Je terminerai mon intervention en considérant les objections qui ont été apportées par Mme la ministre et M. le rapporteur.
D’abord, ils nous disent que ces principes figurent dans la jurisprudence. Est-ce un argument ? Il est évident qu’il existe de nombreuses décisions de justice sur ce sujet. Comment peut-on affirmer que, parce qu’il existe des décisions de justice et une jurisprudence sur un principe, il n’est pas pertinent de l’inscrire dans la Constitution ? Raisonnez a contrario, vous verrez que cet argument ne tient pas !
Ensuite, ils nous disent que ces principes sont énoncés dans des lois. Certes, il serait nécessaire d’adopter des lois plus strictes à cet égard. Mais, là encore, cet argument ne tient pas, parce que, s’il suffisait de dire qu’un principe figure dans la loi pour que celui-ci ne soit pas inscrit dans la Constitution, il n’y aurait plus rien dans la Constitution, il n’y aurait même pas de Constitution. Chacun a donc bien conscience de la grande faiblesse de cet argument.
Enfin, madame la ministre, vous avez évoqué le Comité présidé par Mme Simone Veil, pour laquelle nous avons tous beaucoup de respect, mais cet argument n’est pas valable lorsqu’il s’agit de la réforme de la Constitution de la République française, qui a été confiée au Parlement.

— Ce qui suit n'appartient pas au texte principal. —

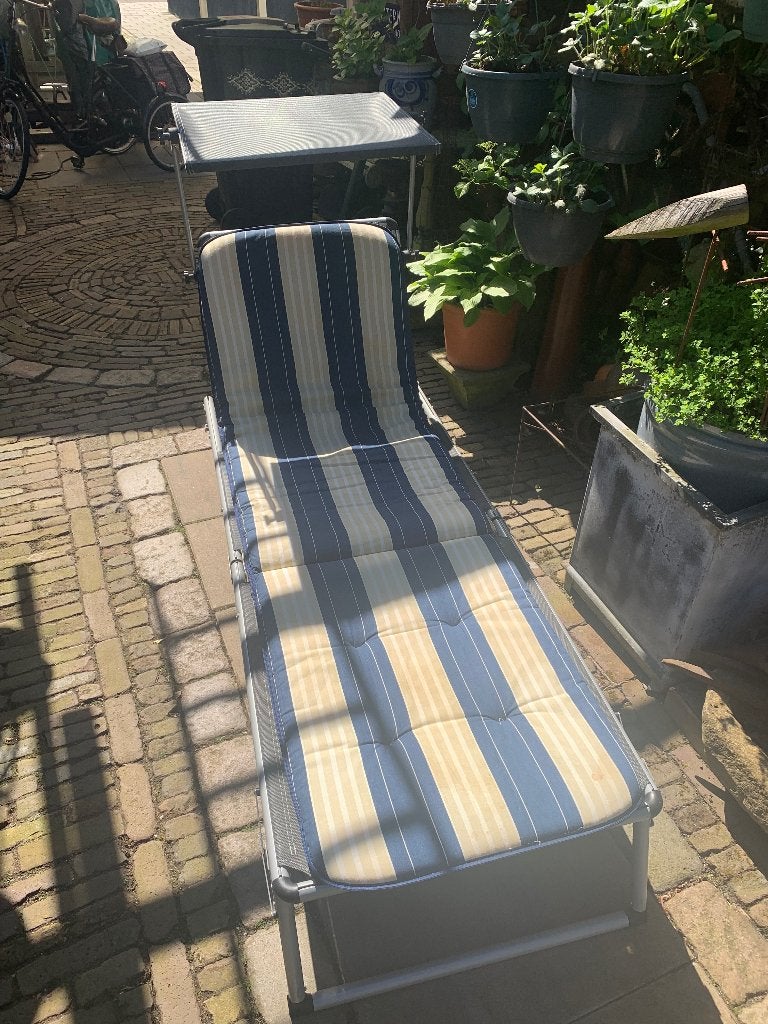 ligbed met kussen, Tuin en Terras, Ophalen, Zo goed als nieuw, Overige materialen, Inklapbaar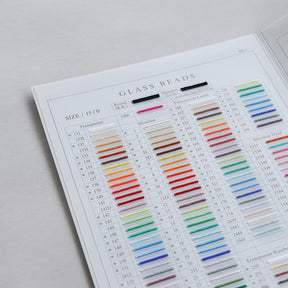丸特小（Round Rocailles 15/0）　実物サンプル帖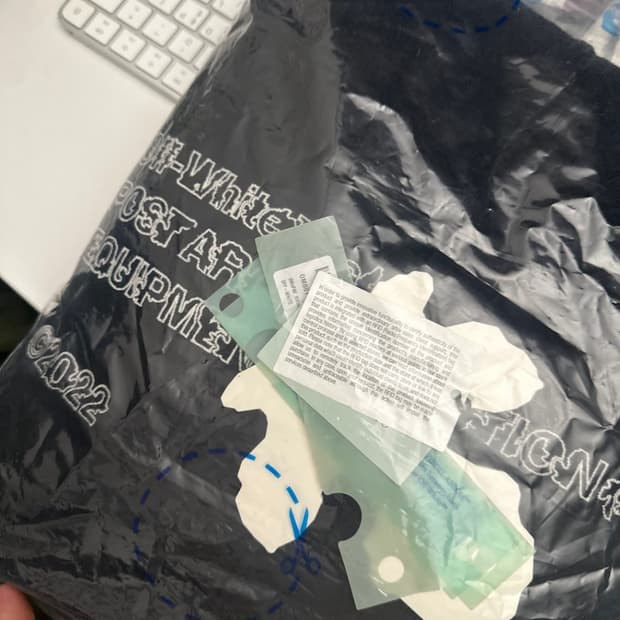포스트아카이브팩션 오프화이트 후드티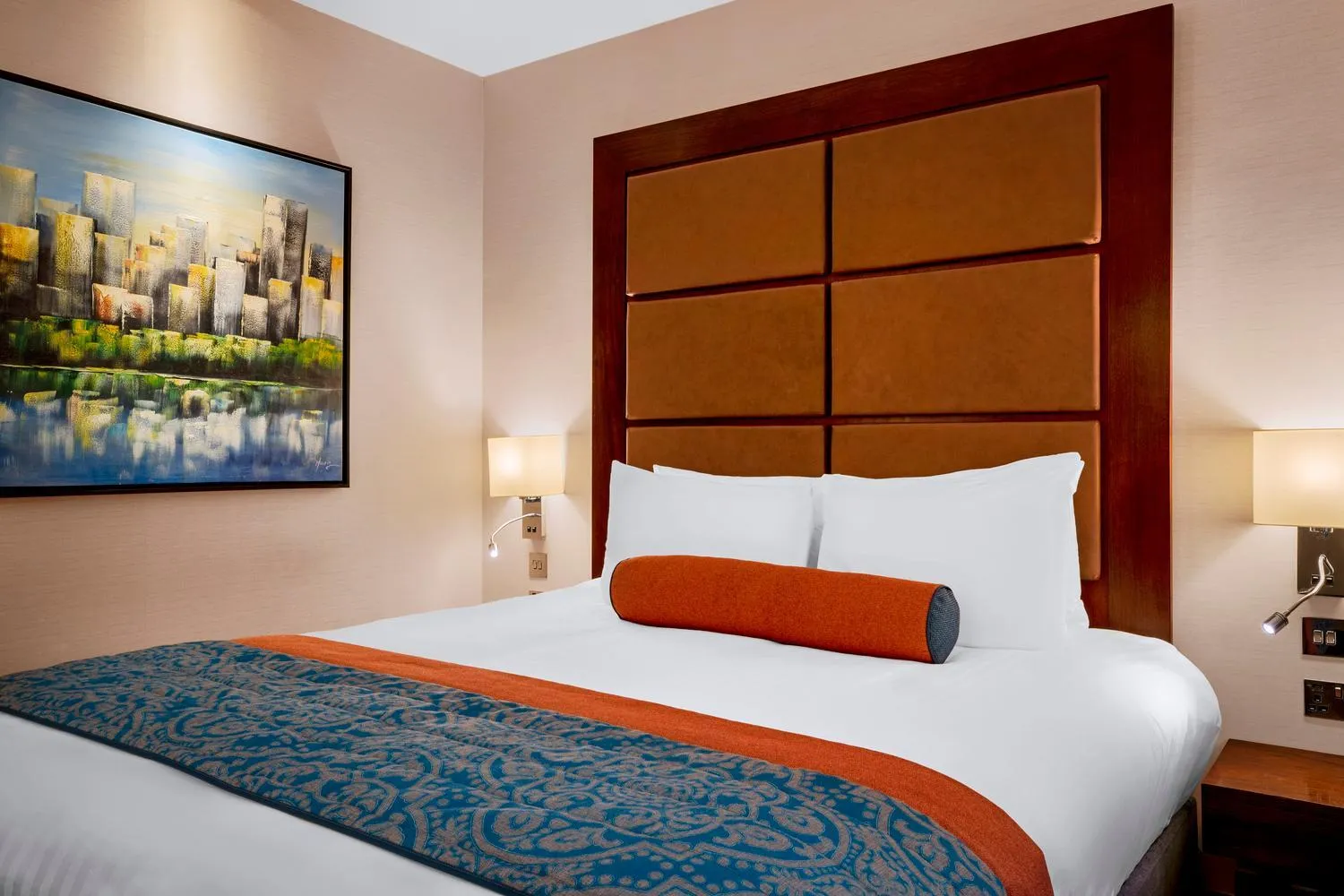 Superior King Room in Leonardo Royal London St Paul’s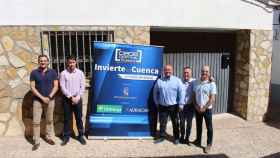 Los socios de Forest Bank a las puertas del garaje de Torrecilla (Cuenca) que utilizan como sede de la empresa.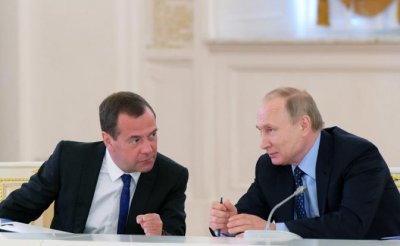Путин: А вас, Медведев, попрошу на выход - «Политика»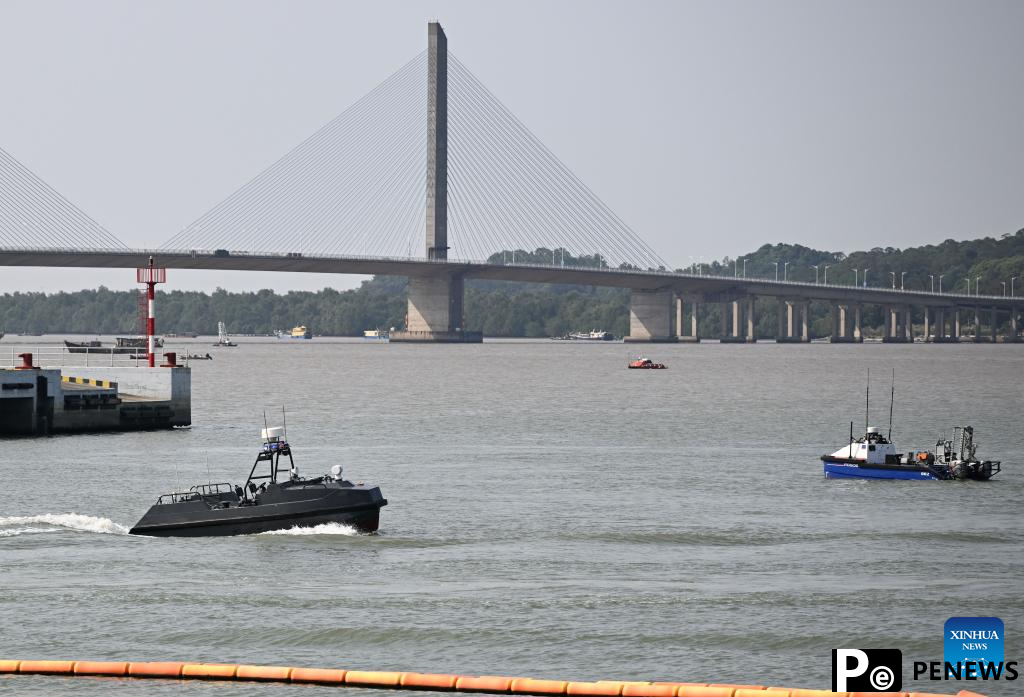 Zhuhai in S China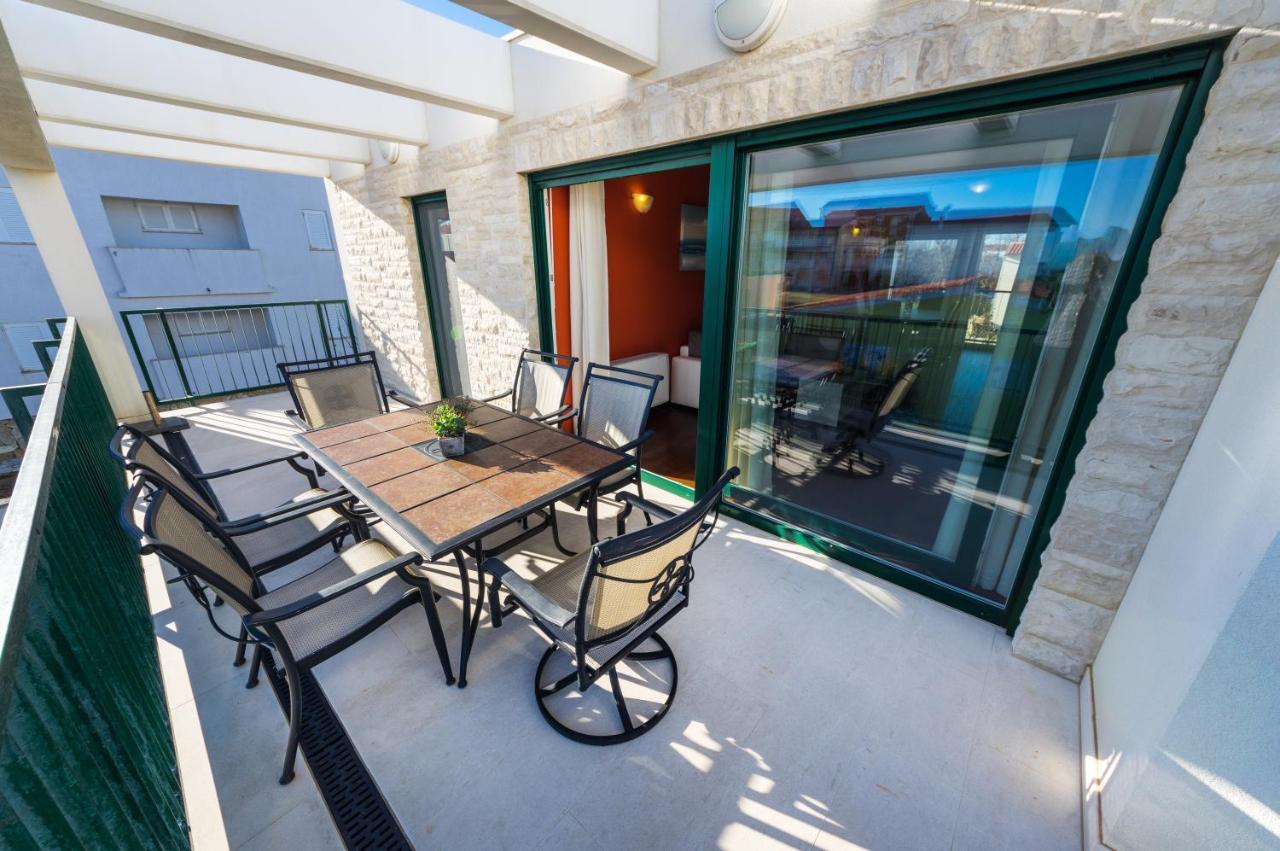 Queen Beach Apartments 宁 外观 照片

Le fait de nous dire qu’un comité a été mis en place, fût-il présidé et constitué d’éminentes personnalités, ne saurait en aucun cas constituer un argument pour ne pas inscrire ce principe fondamental de l’indépendance des médias à l’égard de tous les pouvoirs au frontispice de notre Constitution.
En conclusion, je dirai qu’aucun des trois arguments opposés à l’amendement défendu par M. Assouline ne se justifie.